Data items
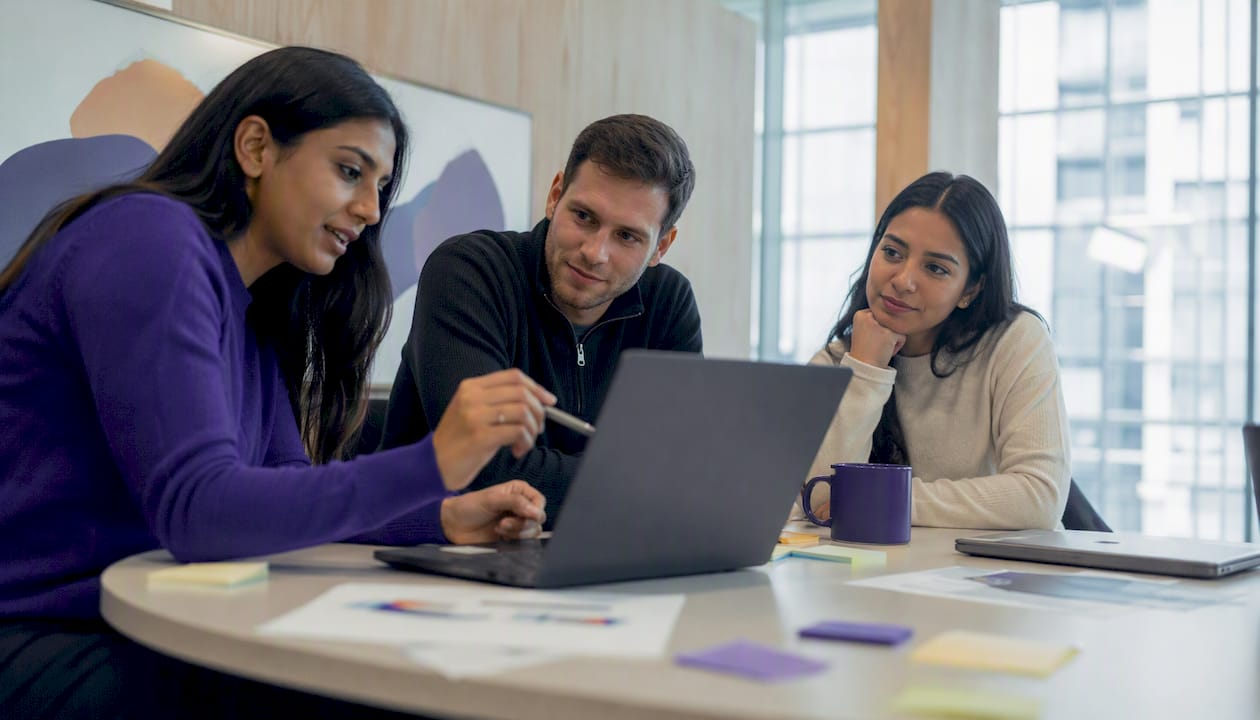Finance team collaborating with technology in meeting room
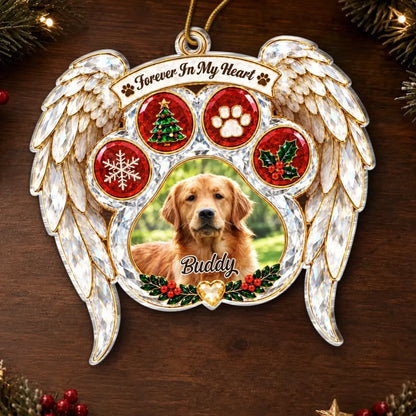Angel wing pet memorial ornament with a dog photo, Buddy name and holiday details on a wooden background.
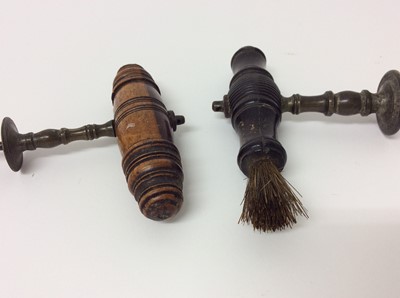 Lot 187 - Two 19th century corkscrews with turned wooden handles, one with brush
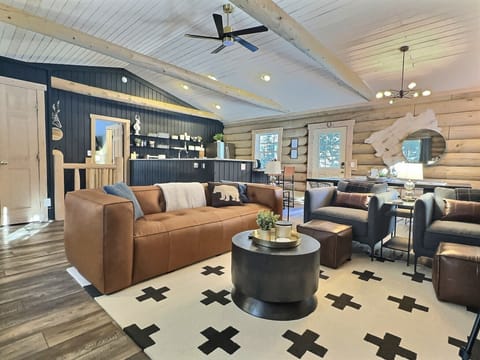 Step into our newly minted 2024 Scandinavian-style abode, where a grand great room with authentic log walls and an inviting open layout awaits.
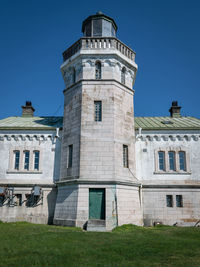 Low angle view of lighthouse building against blue sky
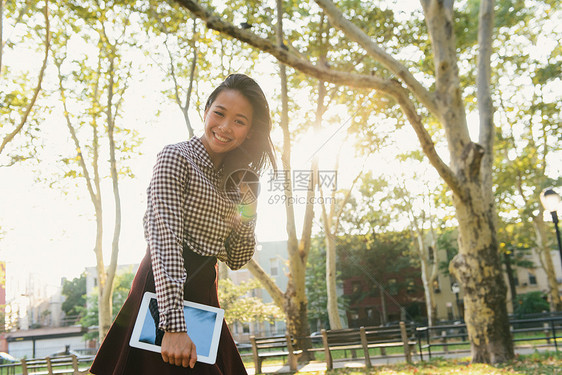 微笑的成年中女子在城市公园携带数字石板的肖像图片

Directions => With pictures removed, write out exactly each line of the entries from the first through the line that holds "Step into our".

Output of the exercise =>
Finance team collaborating with technology in meeting room
Angel wing pet memorial ornament with a dog photo, Buddy name and holiday details on a wooden background.
 Lot 187 - Two 19th century corkscrews with turned wooden handles, one with brush
 Step into our newly minted 2024 Scandinavian-style abode, where a grand great room with authentic log walls and an inviting open layout awaits.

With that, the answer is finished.